Updated April 20, 2020 3.1k votes 683 voters 79.2k views13 items

List RulesVote up the most shocking debunkings.

Feudal Japan may conjure images of samurai fighting with finely crafted katana swords or mysterious ninjas carrying out covert exterminations while surreptitiously dangling from ropes. Whichever image persists, the period of Japanese history ranging from the 12th to 19th century appears to feature some of the most intriguing stories, individuals, and events imaginable - though the accuracy of these historical tidbits may be questionable, at best.

Plenty of lore and legend are entangled in the myths people believe about feudal Japan. From the Kamakura shogunate (1185-1333) through the Ashikaga period (1336-1573) and into the Tokugawa shogunate (1603-1868), Japan was a military government plagued by constant struggles for power. Within that context, the status of samurai varied significantly, black-clad ninjas may or may not have existed, and society was influenced by both men and women who idealized the past.

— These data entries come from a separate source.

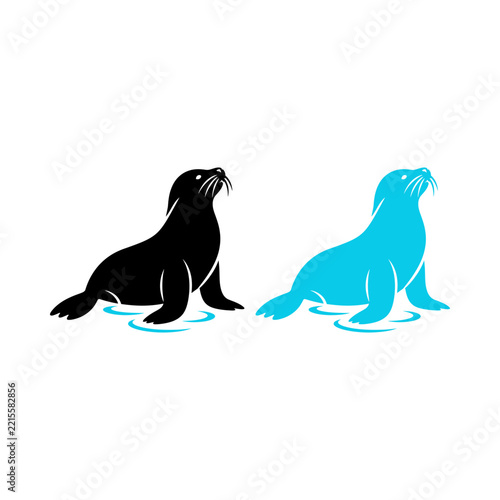 Minimalist vector illustration of sea lion silhouettes in black and blue.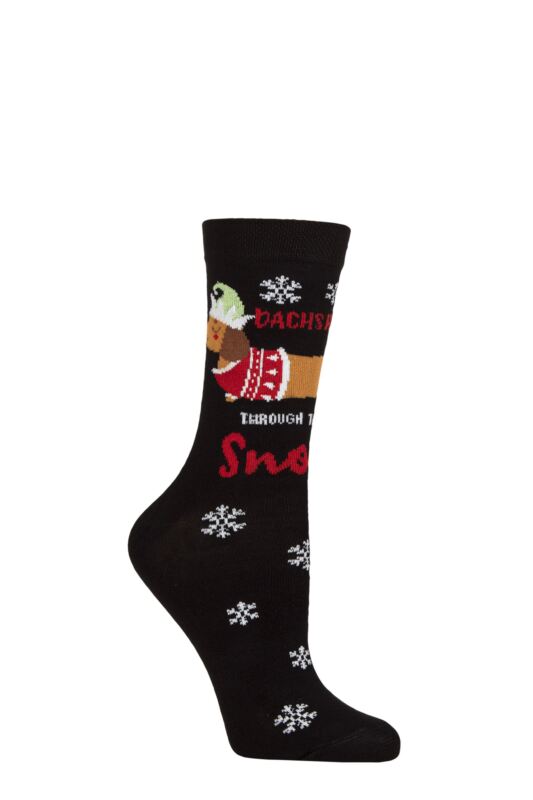 Mens and Women's SOCKSHOP 1 Pair Lazy Panda Bamboo Fun & Novelty Socks Dachshund Through the Snow 4-8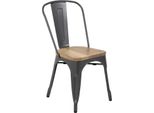 Sedie Bolero Bistro In Acciaio Con Sedile In Legno Grigio (4 Pezzi)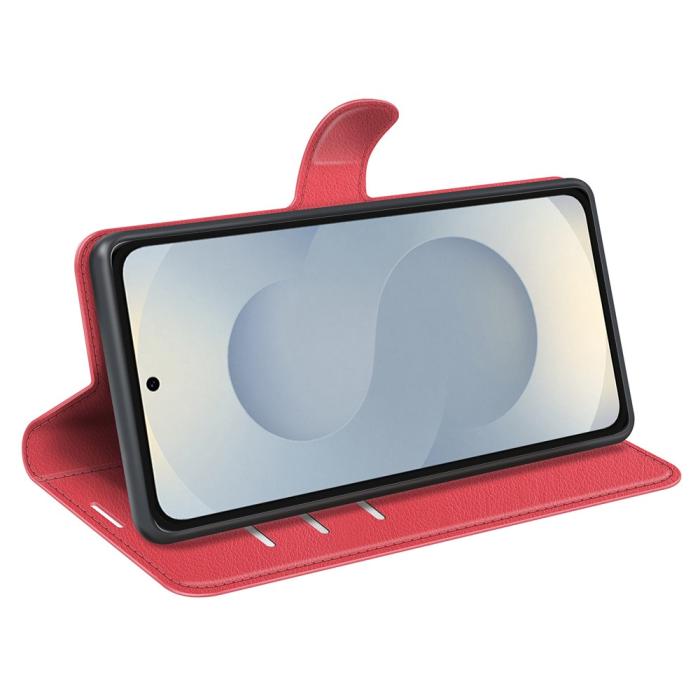 Bild 3,  Samsung Galaxy S25 Edge Fodral Litchi Läder Röd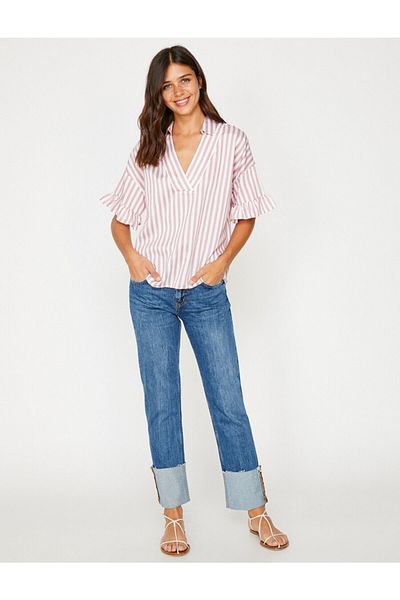 Koton Women's White Red Striped Blouse
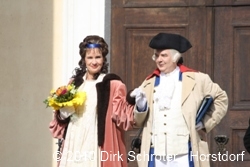 Das F&uuml;rstenpaar Louise und Franz von Anhalt-Dessau beim Fr&uuml;hlingserwachen 2010 in W&ouml;rlitz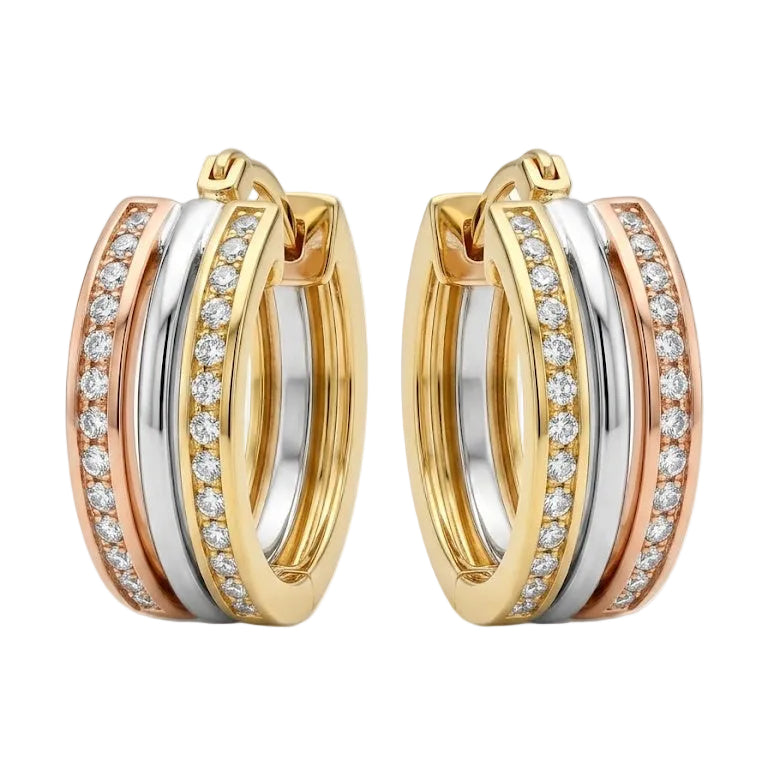 Aros Argollas Tricolor Pavé - Aros Oro Italiano 18K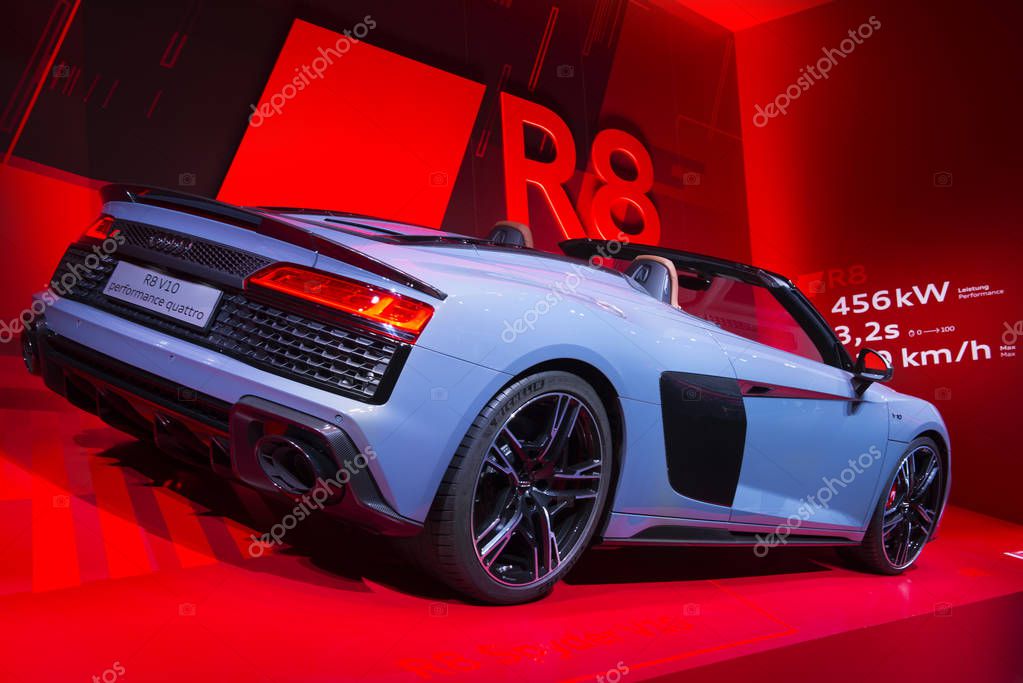 FRANKFURT, GERMANY - SEP 19, 2019: New Audi R8 V10 quattro cabriolet car showcased at the Frankfurt IAA Motor Show 2019. - Image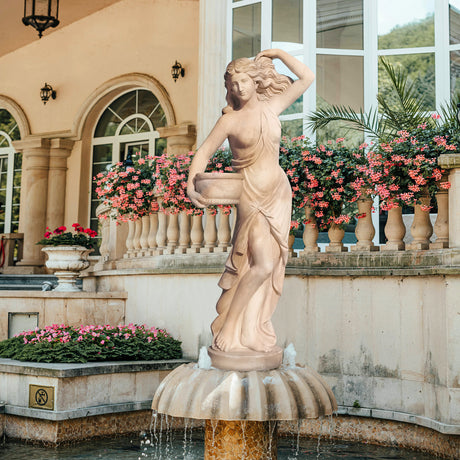 PREMIER Elegant Lady Marble Sculpture for Private Villa Garden, Public Art Installation and Courtyard Decoration PSM-065-Marble sculpture-PREMIER SCULPTURE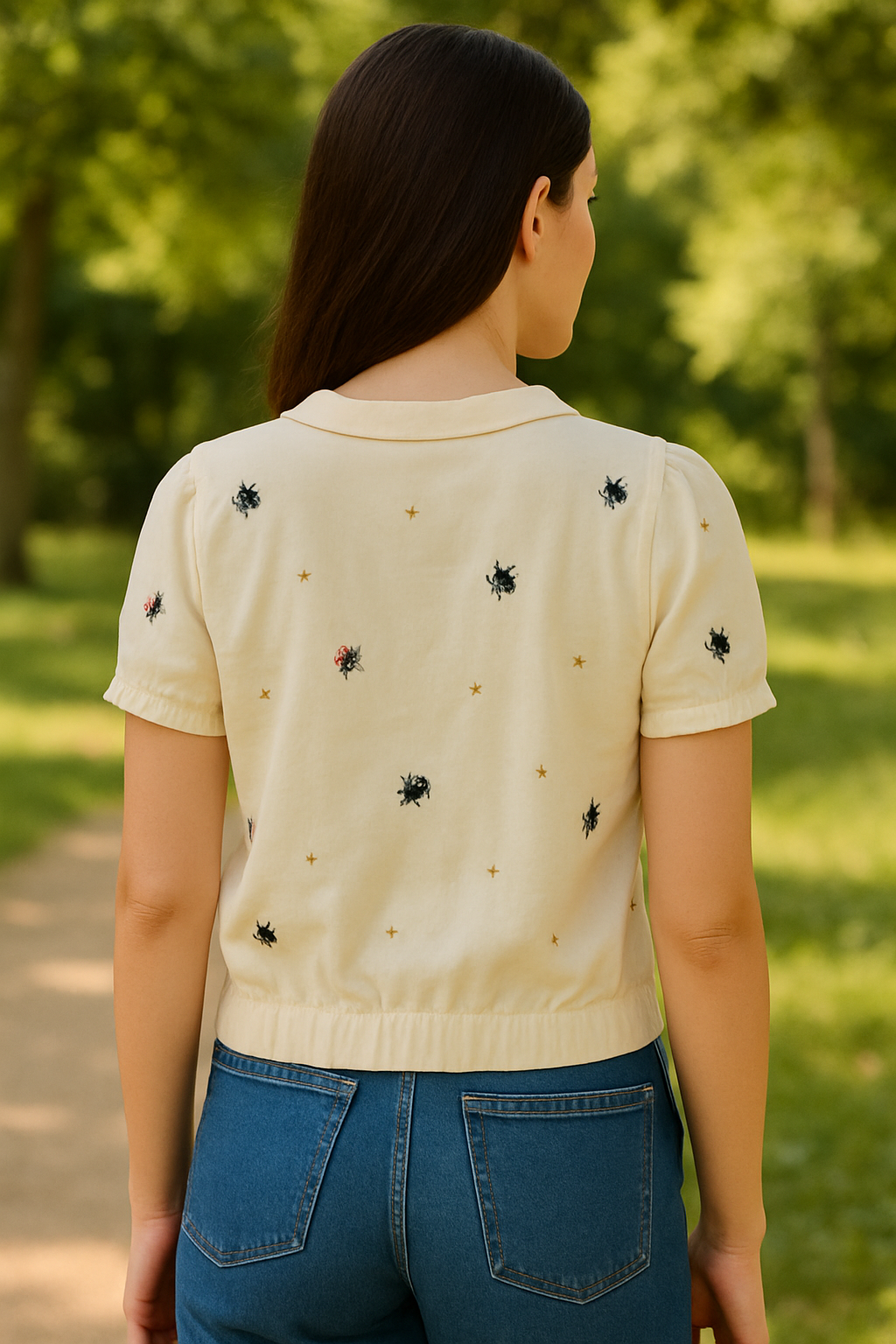 Embroidered Puff Sleeve Cotton Top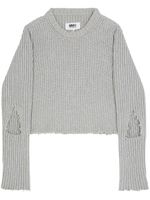 MM6 Maison Margiela pull nervuré à découpes - Gris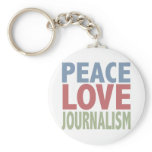 Peace Love Journalism keychains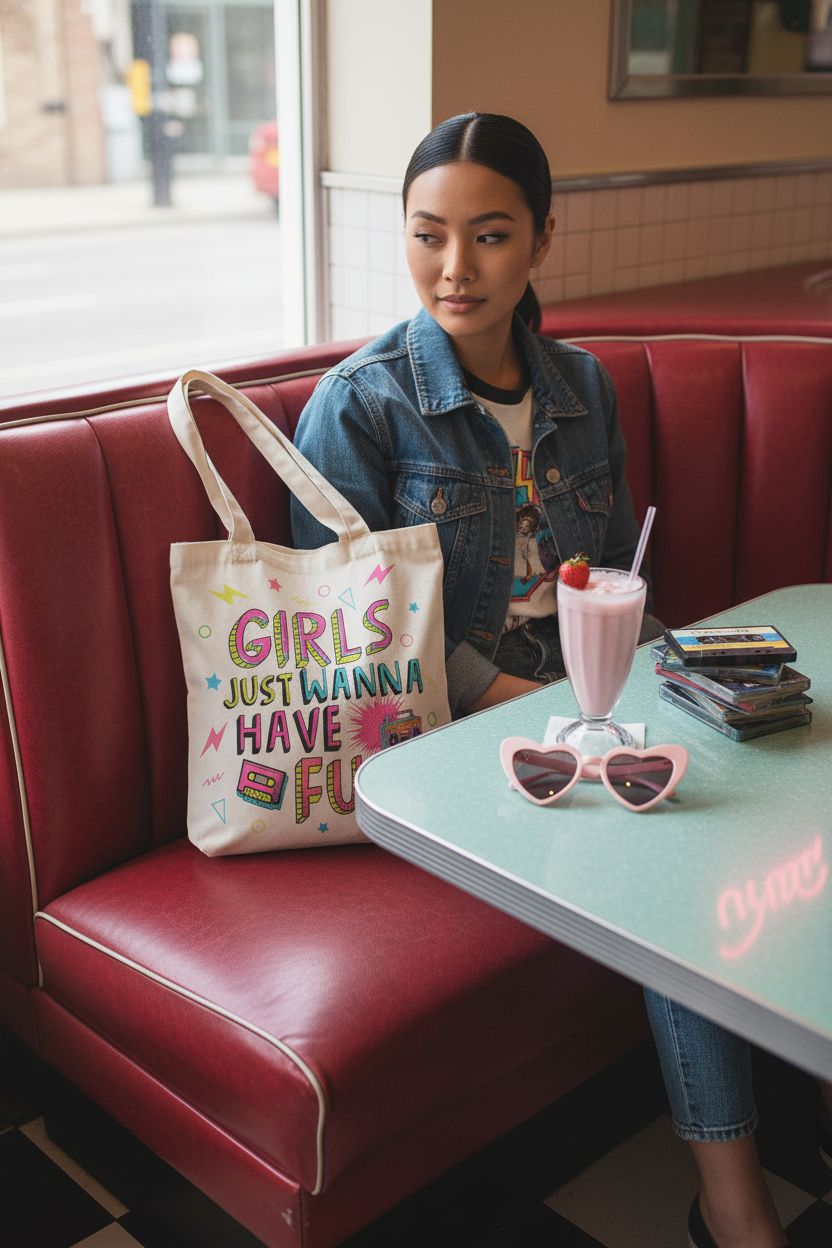 RTTLALUO tote bag in a cozy diner with nostalgic 80s decor and accessories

The truth behind some of the myths you believe about feudal Japan reflects this complexity, but may leave you a bit disappointed in the end.

  • 1

    MYTH: Only Men Were Samurai

    The Reality: An elite group of female samurai, known as onna-bugeisha, trace their origins to 200 CE, according to some traditions. In the 12th-century chronicle The Heike Monogatari, the female warrior Tomoe is described as "a fearless rider whom neither the fiercest horse nor the roughest ground could dismay, and so dexterously did she handle sword and bow that she was a match for a thousand warriors, and fit to meet either God or devil."

    Onna-bugeisha undertook the same training as their male counterparts, learning to use the naginata, a long pole with a blade attached to the end. Many women opened schools to train other female warriors and, in 1868, the Joshitai - or women's army - fought with male samurai at the Battle of Aizu. The Joshitai was led by Nakano Takeko, who perished at Aizu, and the conflict itself marked the end of the female samurai force.

    Why The Myth: The onna-bugeisha haven't found representation in history or popular culture, resulting in the myth that samurai warriors were only male. Onna-bugeisha contrasted the traditional wife and mother roles of Japanese women, which also contributed to their omission - samurai stories written by men intentionally excluded female warriors. This was especially true for works from the Meiji Restoration of the 19th century, written by Westerners and Japanese alike; women were placed in subservient roles alongside brave, loyal, and idealistic male samurai.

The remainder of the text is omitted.